Arroyito está viendo florecer su paseo comercial, sobre Avellaneda, donde, cuentan, lo hermosas que le quedan a ese bulevar las guirnaldas de luces al caer la tarde. “Todo el que vive en Arroyito se fanatiza con el lugar, porque es un barrio, barrio; la mayoría de los vecinos nos conocemos y hasta pasadas las generaciones se generan parentescos, al final es una comunidad”, dice el flamante presidente del Paseo Arroyito Río, Marcos Moscato.

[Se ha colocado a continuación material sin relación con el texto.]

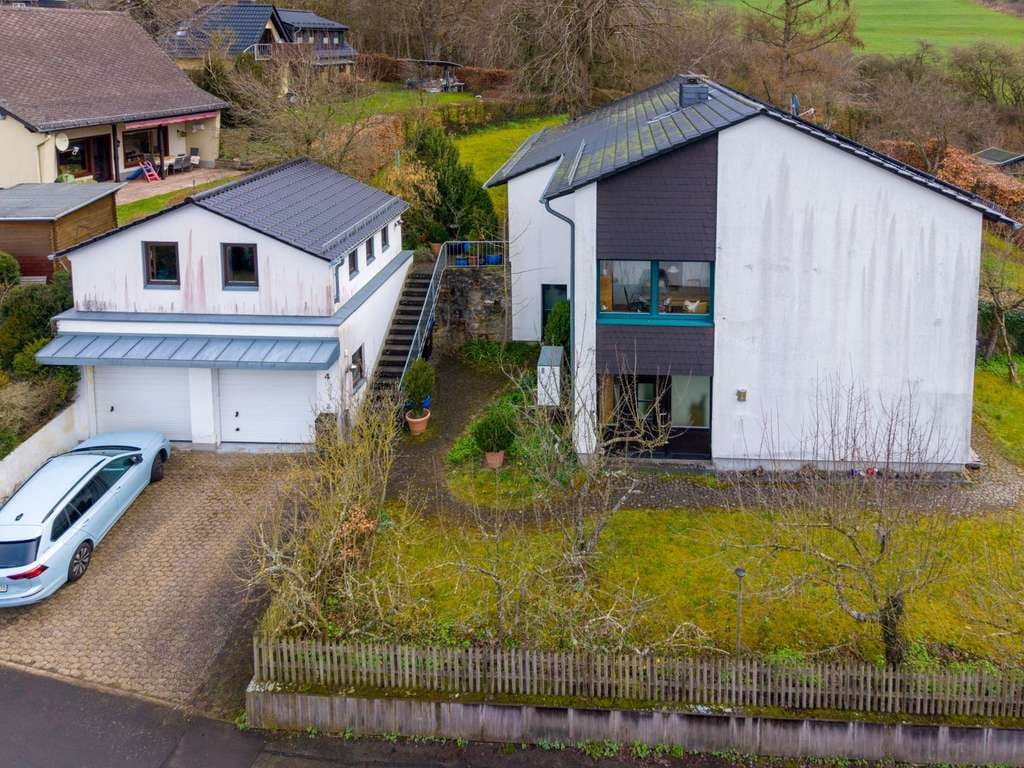 Immobilie in Hillesheim - Nahezu energieautarker Wohntraum: Großzügiges ZFH mit zahlreichen Möglichkeiten in Hillesheim - Bild 2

Y destaca el crecimiento de la zona en el último tiempo: “Rosario empuja a crecer para este lado, todos se quieren venir a vivir acá, la ciudad se acerca a Arroyito”.

“El barrio creció en calidad edilicia y comercial, el bulevar está creciendo y eso es lo que más nos gusta, si bien no es un centro comercial tan marcado, es más bien extenso, y la llegada de edificios, y lindos, hace que haya más población y eso alimenta a la carnicería, al kiosco, a la panadería, y hace que haya más bares”, explica.

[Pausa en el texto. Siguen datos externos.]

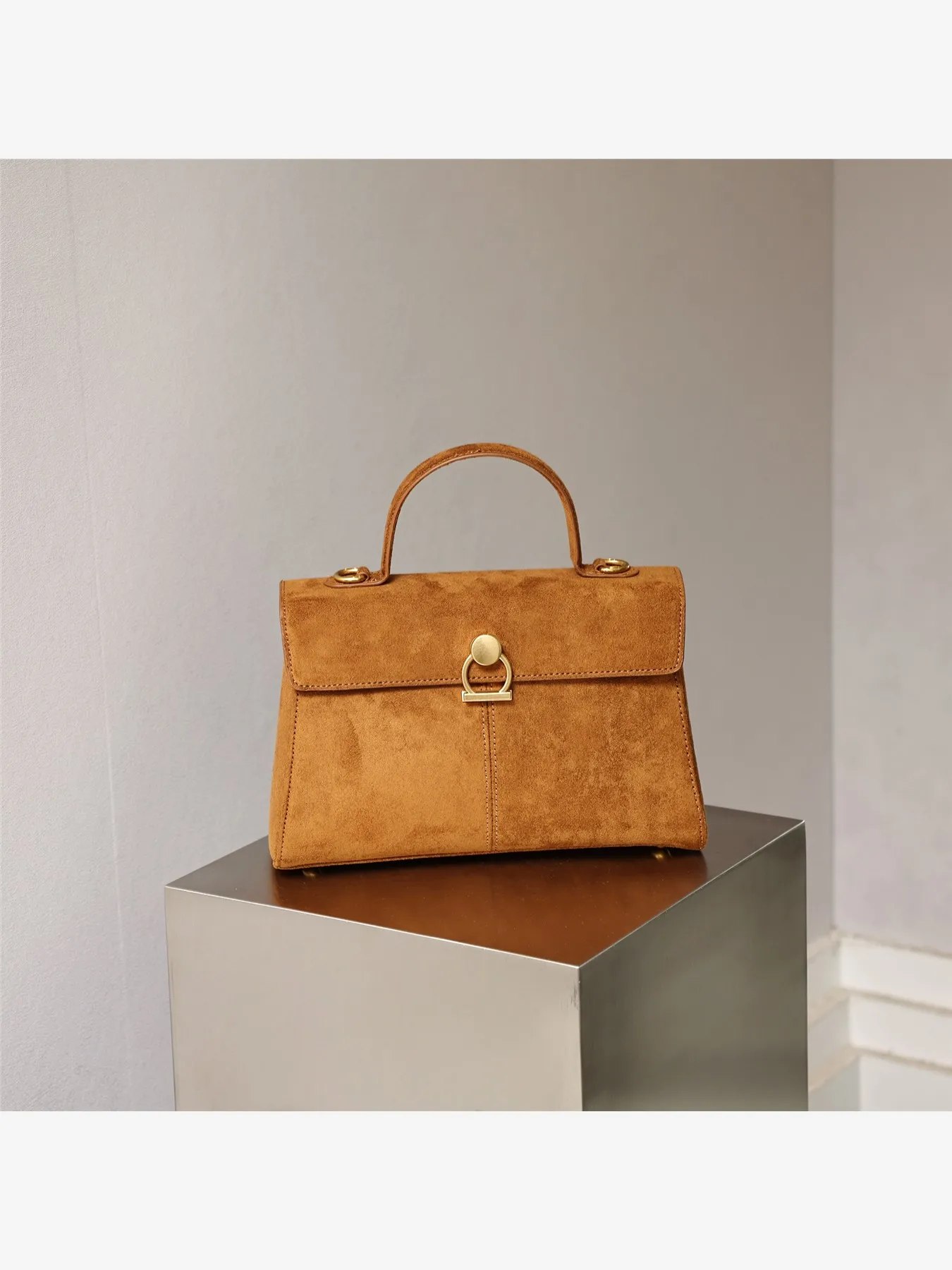 

Новая женская замшевая сумка через плечо 2025 года, осень-зима, люксовая, в стиле ретро, для повседневного использования, высококачественная, текстурная, простая и стильная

“Así como en otros barrios hay recitales, acá tenemos un evento cada quince días, y de mucha magnitud. Cuando juega Central de local, el barrio se transforma, el partido también alimenta un movimiento; es imposible pensar este barrio sin poner a Rosario Central como un eje, el otro eje es el río”, explica, al frente de la empresa familiar de neumáticos, que nació como gomerÍa en 1979 con una cubierta colgando de un árbol.

La pasión  

“Estamos armando un corredor gastronómico en bulevar Avellaneda, con Olgasana, Ribereño, Rosarigasino, entre otros locales. Cada vez hay más opciones que reciben mucha gente del barrio que puede cenar tranquila y volver caminando, sin tener que pasar por una alcoholemia”, explica el empresario gastronómico Carlos Comi, al frente del comedor fonda, El Gran Centralito y Centralito DE Pizzas (delivery). En sus locales ser respira el barrio como hecho cultural. Las paredes devuelven sentido a través de imágenes de cantantes, cine, viejos programas televisivos. “Arroyito tiene una identidad social, cultural y gastronómica que gira alrededor del mundo Central”, enfatiza.

El reclamo   

Guillermo lleva cuarenta años en Arroyito al frente de un comercio al que, para llegar cada mañana, debe sortear un obstáculo por el que reclama desde hace años, sin respuesta, a pesar de que la solución, en su opinión, es simple. “Hay un cantero en bulevar Avellaneda al 1.000 bis que entorpece, interrumpe, el cruce con la calle PedroTuella, en su trayectoria sur a norte al querer desembocar naturalmente en avenida Génova al 700”, señala in situ frente al nudo que forma el cantero y las vías de circulación. Esta vez espera solución.